START Material to process
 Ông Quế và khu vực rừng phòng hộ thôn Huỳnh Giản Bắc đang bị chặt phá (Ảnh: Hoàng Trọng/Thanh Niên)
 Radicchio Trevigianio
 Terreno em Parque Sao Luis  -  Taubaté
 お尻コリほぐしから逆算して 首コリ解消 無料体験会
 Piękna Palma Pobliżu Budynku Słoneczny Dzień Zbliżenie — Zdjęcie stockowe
END Material to process
START Material to process
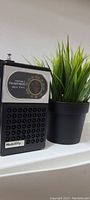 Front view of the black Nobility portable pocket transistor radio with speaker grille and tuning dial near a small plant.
END Material to process
▶ [Exercise requirements] From the records above, print only the lines between the one holding "Ông Quế và khu" and the one holding "Piękna Palma Pobliżu", inclusive, exactly as they stand.

▶ [Written reply]
 Ông Quế và khu vực rừng phòng hộ thôn Huỳnh Giản Bắc đang bị chặt phá (Ảnh: Hoàng Trọng/Thanh Niên)
 Radicchio Trevigianio
 Terreno em Parque Sao Luis  -  Taubaté
 お尻コリほぐしから逆算して 首コリ解消 無料体験会
 Piękna Palma Pobliżu Budynku Słoneczny Dzień Zbliżenie — Zdjęcie stockowe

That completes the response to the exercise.